Now, however, many of the loudest voices on Capitol Hill opposing normal trade relations are Republican. Sen. Jesse Helms (R-N.C.) and Rep. Gerald Solomon (R-N.Y.) are the main sponsors of legislation to cut it off. With another opportunity to distance himself from Democratic presidential heir apparent Al Gore, Gephardt is likely to be in the opposition this year as well.

Critics portray the policy of engagement as a failure, one that has been tried but now amounts to appeasement of Beijing oppression and policies hostile to the U.S. They point to recent State Department findings that China's human rights violations have increased in recent years; that China's military exports to U.S. enemies such as Iran have continued; that China's military build-up continues; that China's oppression of free expression continues; and that America's trade deficit with China has ballooned to some $40 billion, due in part to China's restrictive trade policies.

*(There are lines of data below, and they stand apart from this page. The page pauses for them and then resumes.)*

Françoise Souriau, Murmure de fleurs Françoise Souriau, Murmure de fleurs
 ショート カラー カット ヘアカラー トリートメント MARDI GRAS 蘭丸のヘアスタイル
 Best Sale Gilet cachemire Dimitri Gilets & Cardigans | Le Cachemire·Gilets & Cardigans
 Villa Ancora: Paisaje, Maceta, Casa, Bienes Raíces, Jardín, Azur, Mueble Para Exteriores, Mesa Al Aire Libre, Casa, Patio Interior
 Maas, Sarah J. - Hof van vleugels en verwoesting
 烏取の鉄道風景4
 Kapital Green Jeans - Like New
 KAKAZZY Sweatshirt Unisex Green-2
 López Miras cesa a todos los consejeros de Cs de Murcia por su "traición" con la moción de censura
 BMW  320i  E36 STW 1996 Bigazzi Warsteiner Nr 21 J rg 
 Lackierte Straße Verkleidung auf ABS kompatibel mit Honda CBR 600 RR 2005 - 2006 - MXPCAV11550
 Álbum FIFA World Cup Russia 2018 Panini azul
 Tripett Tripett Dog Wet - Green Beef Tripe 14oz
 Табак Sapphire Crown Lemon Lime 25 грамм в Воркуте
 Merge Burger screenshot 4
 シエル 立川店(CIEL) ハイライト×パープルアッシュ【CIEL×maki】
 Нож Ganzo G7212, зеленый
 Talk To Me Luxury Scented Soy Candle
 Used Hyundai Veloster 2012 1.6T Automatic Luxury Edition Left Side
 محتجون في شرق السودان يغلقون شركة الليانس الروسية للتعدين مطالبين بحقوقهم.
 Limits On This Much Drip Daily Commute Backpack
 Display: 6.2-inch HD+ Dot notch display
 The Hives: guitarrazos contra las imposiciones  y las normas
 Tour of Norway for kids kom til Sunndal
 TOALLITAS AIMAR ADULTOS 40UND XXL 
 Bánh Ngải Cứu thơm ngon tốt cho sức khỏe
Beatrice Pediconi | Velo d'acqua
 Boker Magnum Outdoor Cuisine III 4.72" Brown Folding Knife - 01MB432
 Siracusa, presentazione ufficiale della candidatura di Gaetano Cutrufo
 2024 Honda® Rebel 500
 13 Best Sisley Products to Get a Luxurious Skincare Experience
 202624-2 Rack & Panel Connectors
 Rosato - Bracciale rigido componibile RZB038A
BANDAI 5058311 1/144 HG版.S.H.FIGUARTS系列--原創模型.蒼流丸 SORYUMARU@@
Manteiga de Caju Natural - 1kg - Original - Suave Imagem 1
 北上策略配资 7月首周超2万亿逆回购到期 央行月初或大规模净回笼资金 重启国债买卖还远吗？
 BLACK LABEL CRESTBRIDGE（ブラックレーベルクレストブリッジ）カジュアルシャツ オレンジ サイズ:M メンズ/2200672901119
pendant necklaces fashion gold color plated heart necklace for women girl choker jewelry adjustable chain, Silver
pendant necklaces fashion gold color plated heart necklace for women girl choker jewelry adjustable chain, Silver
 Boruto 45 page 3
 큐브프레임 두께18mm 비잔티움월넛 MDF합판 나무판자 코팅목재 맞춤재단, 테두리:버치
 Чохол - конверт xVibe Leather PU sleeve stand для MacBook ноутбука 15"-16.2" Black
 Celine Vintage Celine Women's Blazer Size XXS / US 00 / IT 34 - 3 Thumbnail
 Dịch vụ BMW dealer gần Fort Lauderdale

In a letter to Clinton, former trade status backer Rep. Bill Paxon asked, "After four years of a 'constructive-engagement' policy, what do we have to show for it? A Chinese regime which thumbs its nose at the United States and places its heel on the neck of freedom."

"The bottom line," says Solomon in an accompanying opinion piece, "is that engagement is just a fancy name for an old, and also failed, policy: appeasement."

Many in Congress, notably Helms, have focused on the fate of Hong Kong, which returns to Beijing's control July 1. Though he's backed away from the idea, House Speaker Newt Gingrich proposed granting MFN for six months while the U.S. assesses the Hong Kong transition.

Another thorn in Clinton's China policy is the ongoing controversy surrounding campaign fund-raising. Solomon and other Republicans also have questioned whether MFN should be renewed when Congress and the Justice Department are actively pursuing allegations that China tried to funnel cash to U.S. elections.

"It would be irresponsible to grant MFN until we get to the bottom of the credible allegations that China has attempted to buy influence in the American political process and conduct economic espionage," he was quoted as saying in USA Today.

In a new twist to the MFN debate, Christian conservatives have joined the mostly left-wing opposition coalition of human rights activists and labor groups. Now, they're among the most outspoken critics of China appealing to pro-life, pro-faith elements in the GOP.

"Should America keep silent about China's massive campaign of forced abortions and compulsory sterilizations? Should America avoid criticizing China's use of slave labor in the Laogai?" Family Research Council head Gary Bauer asked in an open letter to members of Congress. "Is America really the 'moneybag democracy' the Chinese rulers contemptuously call us?"

The influential Christian Coalition also opposes trade with China while human rights abuses persist, and has let lawmakers know that the trade vote will be on its annual scorecard.